Kończymy fazę grupową MSI! SK Telecom T1 - Invictus Gaming
Pierwsze spotkanie pomiędzy tymi ekipami to była istna rzeźnia. Jak kończysz spotkanie w niecałe 16 minut na profesjonalnej scenie i to na tak legendarną formację to z góry musisz zostać uznany za głównego kandydata do zwycięstwa w całym MSI. Koreańczycy chcieli zaskoczyć Chińczyków taktyką Sona&Taric na dolnej alei, ale nie dość, że tego nie zrobili to wręcz zostali tam zmiażdżeni, a sama strategia obróciła się przeciw im i doznali najbardziej haniebnej porażki w historii LCK i ogólnie turniejów międzynarodowych.
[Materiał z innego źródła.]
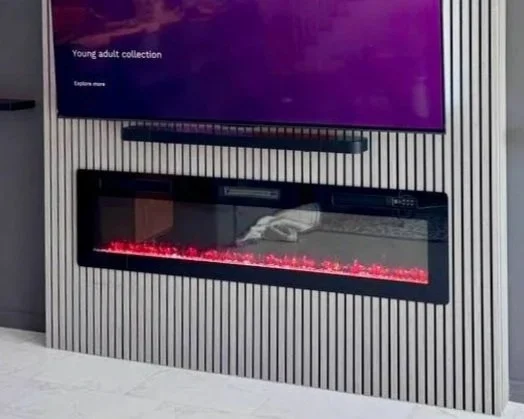A modern electric fireplace beneath a mounted flat-screen TV in a contemporary room.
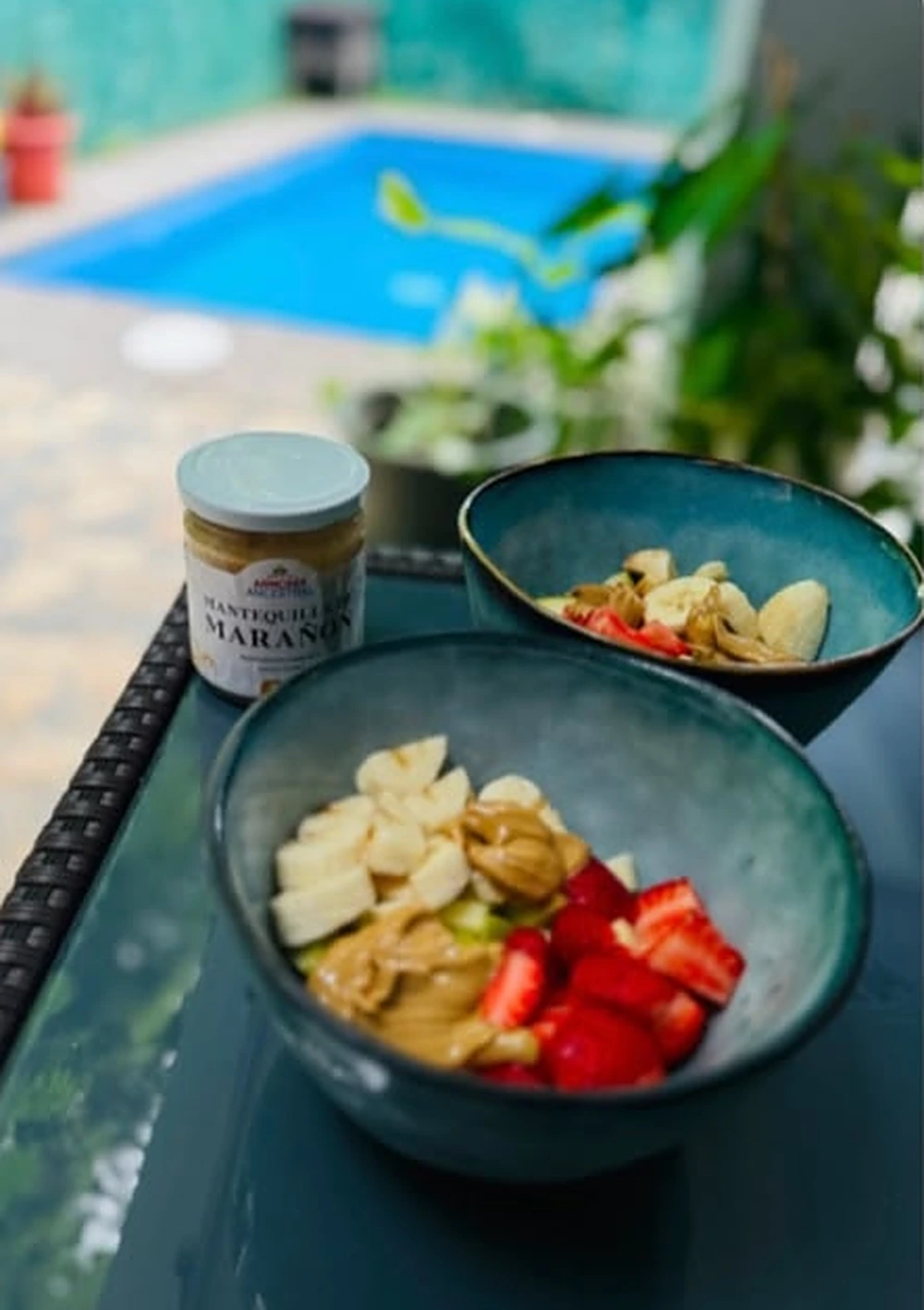Dos tazones con fruta y mantequilla de marañón sobre una mesa, con la piscina detrás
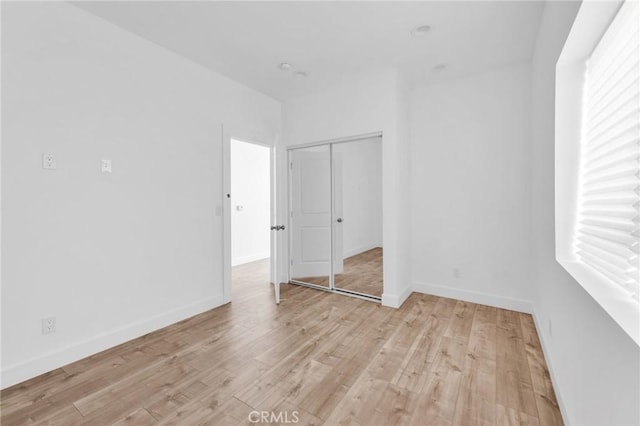 7419 N Mia Ln, Van Nuys, CA 91405 - unfurnished bedroom with light wood-type flooring and a closet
Niestety tylko Faker wyglądał 'jako tako', a reszta SKT była dużo gorsza od swoich rywali pod każdym względem, a IG widać, że chciało tam zagrać swojego 'maksa'.
I to jest głównym powodem tego typu. Już dawno wiadome, że Invictus Gaming wygra fazę grupową, ale według mnie zrobią to w perfekcyjnym stylu 10-0, a do ostatniego meczu na SKT podejdą szalenie ambitnie. Wydaje mi się, że chińska formacja jest zdecydowanie lepsza od każdej innej drużyny na MSI i 'dostosowuje się' do poszczególnych rywali. Gramy na Buffalo? Pobawmy się trochę. Teraz SKT? Chłopaki skupienie trzeba pokazać im gdzie raki zimują. Ich szalony styl rozgrywania bierze się z tego, że oni po prostu mogą sobie na to pozwolić w 80% spotkań na tym turnieju, ale widać, że na spotkania z Koreańczykami skupiają się i ta 'azjatycka walka' jest dla nich bardzo ważna.
Wydaje mi się, że tu 'nie będzie zmiłuj' i Invictus Gaming przed wejściem w półfinały będzie chciało zaznaczyć swoją przewagę na mapie jak i tą psychologiczną. Najważniejsze jest to, że IG mechanicznie wygląda zdecydowanie lepiej i nawet jakby chcieli przetestować jakąś kompozycję to i tak będą faworytami tego starcia. Do tego dochodzi fakt, że na 90% te spotkanie dla SKT będzie również o pietruszkę, a więc sami mogą lekko odpuścić i biorąc to wszystko pod uwagę dam naprawdę mocne 90% szans na zwycięstwo Invictus Gaming.